Exercise input
[Start of section]
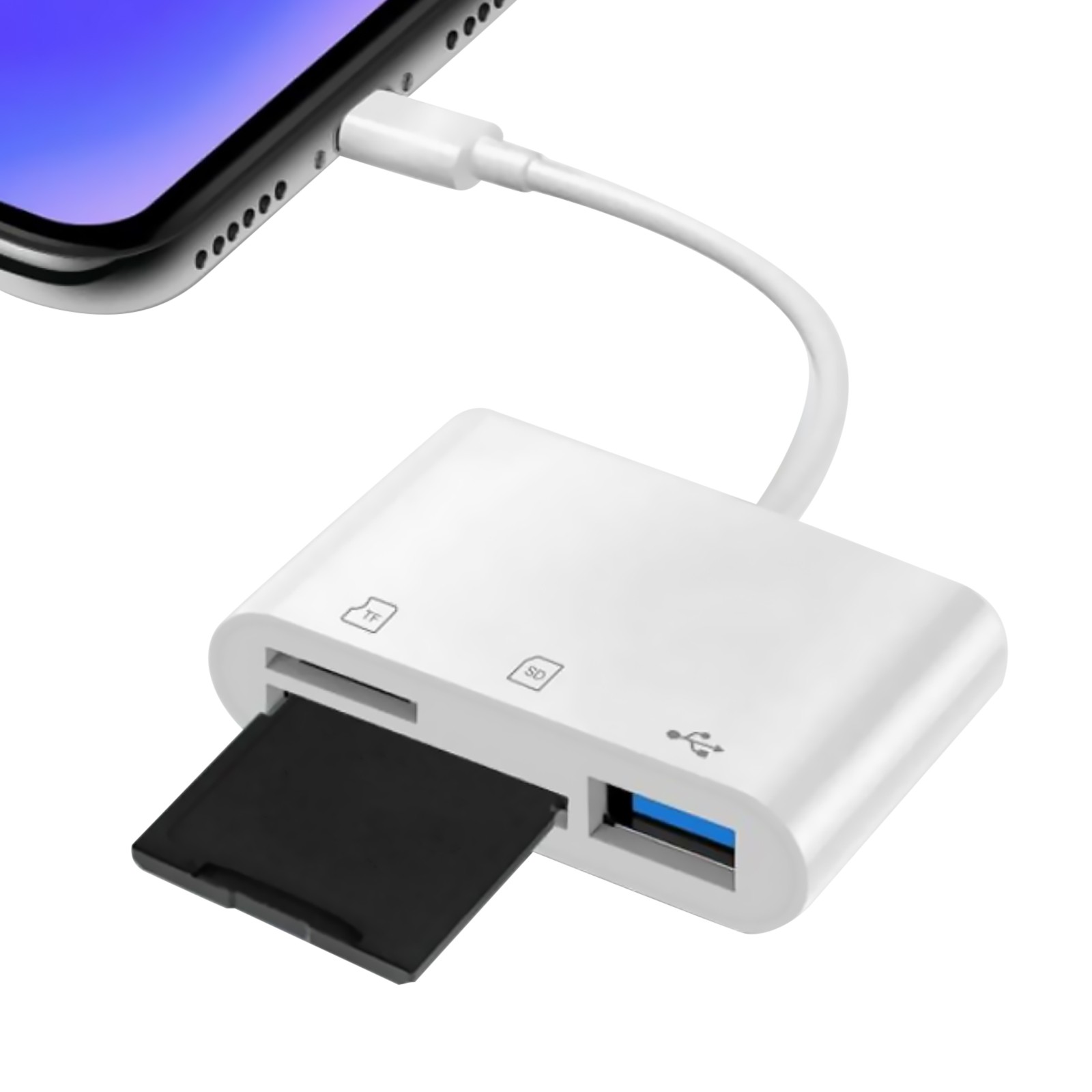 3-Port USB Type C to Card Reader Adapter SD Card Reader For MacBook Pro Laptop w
[End of section]
[Start of section]
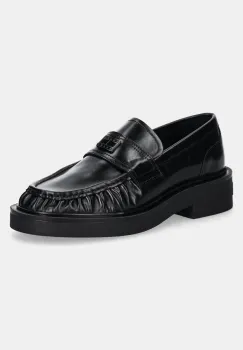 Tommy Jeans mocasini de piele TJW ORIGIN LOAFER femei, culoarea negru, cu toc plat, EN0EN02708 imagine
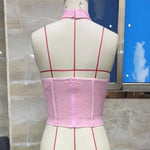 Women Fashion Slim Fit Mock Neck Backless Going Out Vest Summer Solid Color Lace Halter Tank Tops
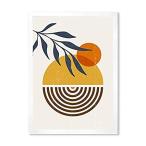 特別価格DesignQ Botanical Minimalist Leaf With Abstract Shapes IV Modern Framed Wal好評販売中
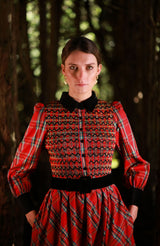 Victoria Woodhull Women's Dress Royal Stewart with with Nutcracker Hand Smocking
[End of section]
[Start of section]
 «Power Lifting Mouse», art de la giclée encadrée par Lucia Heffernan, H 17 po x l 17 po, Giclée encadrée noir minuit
[End of section]
Instructions for the task
Copy nothing but the lines above from the one with "特別価格DesignQ Botanical Minimalist" to the one with "Victoria Woodhull Women's", inclusive, word for word. Leave every picture out.

Response area
 特別価格DesignQ Botanical Minimalist Leaf With Abstract Shapes IV Modern Framed Wal好評販売中
 Victoria Woodhull Women's Dress Royal Stewart with with Nutcracker Hand Smocking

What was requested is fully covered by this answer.